What needs to be done
At the line containing "Terreno à venda", begin repeating lines exactly, and stop only after the final line of the records below.
━━━ Extracted material
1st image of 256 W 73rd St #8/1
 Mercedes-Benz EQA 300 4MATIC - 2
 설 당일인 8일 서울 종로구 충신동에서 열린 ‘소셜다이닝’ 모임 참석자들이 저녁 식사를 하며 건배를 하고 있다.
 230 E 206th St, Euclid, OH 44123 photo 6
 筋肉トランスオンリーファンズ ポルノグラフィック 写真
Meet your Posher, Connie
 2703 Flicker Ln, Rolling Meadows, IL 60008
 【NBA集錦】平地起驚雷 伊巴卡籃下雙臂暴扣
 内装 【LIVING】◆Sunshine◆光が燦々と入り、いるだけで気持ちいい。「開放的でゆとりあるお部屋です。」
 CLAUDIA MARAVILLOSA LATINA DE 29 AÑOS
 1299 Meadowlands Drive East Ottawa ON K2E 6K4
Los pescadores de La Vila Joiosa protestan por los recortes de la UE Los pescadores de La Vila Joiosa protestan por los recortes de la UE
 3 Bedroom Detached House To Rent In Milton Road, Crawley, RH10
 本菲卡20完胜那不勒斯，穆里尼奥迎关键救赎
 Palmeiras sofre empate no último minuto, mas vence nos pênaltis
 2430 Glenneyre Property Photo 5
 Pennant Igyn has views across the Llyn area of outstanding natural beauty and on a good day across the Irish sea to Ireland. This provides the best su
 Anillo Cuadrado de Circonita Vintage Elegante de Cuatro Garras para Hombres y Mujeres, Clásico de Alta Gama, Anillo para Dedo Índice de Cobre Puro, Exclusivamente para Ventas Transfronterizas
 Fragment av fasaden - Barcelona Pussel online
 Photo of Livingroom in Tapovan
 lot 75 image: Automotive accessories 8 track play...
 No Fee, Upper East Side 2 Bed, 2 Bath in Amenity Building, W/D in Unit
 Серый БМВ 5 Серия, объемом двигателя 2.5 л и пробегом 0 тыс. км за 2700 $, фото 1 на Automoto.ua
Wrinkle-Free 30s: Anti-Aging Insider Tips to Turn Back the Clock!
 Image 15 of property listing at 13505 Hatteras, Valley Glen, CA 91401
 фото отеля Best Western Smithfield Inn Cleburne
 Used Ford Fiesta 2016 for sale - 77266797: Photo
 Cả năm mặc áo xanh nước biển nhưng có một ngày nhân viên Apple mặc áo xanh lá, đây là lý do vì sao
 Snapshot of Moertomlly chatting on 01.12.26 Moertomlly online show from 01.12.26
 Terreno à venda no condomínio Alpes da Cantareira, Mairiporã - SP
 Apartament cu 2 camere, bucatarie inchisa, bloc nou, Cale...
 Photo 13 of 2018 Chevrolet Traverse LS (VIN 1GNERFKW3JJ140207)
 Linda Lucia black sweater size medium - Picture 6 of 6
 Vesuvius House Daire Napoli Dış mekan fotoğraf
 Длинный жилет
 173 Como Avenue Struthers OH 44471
━━━━━━
Completed task
 Terreno à venda no condomínio Alpes da Cantareira, Mairiporã - SP
 Apartament cu 2 camere, bucatarie inchisa, bloc nou, Cale...
 Photo 13 of 2018 Chevrolet Traverse LS (VIN 1GNERFKW3JJ140207)
 Linda Lucia black sweater size medium - Picture 6 of 6
 Vesuvius House Daire Napoli Dış mekan fotoğraf
 Длинный жилет
 173 Como Avenue Struthers OH 44471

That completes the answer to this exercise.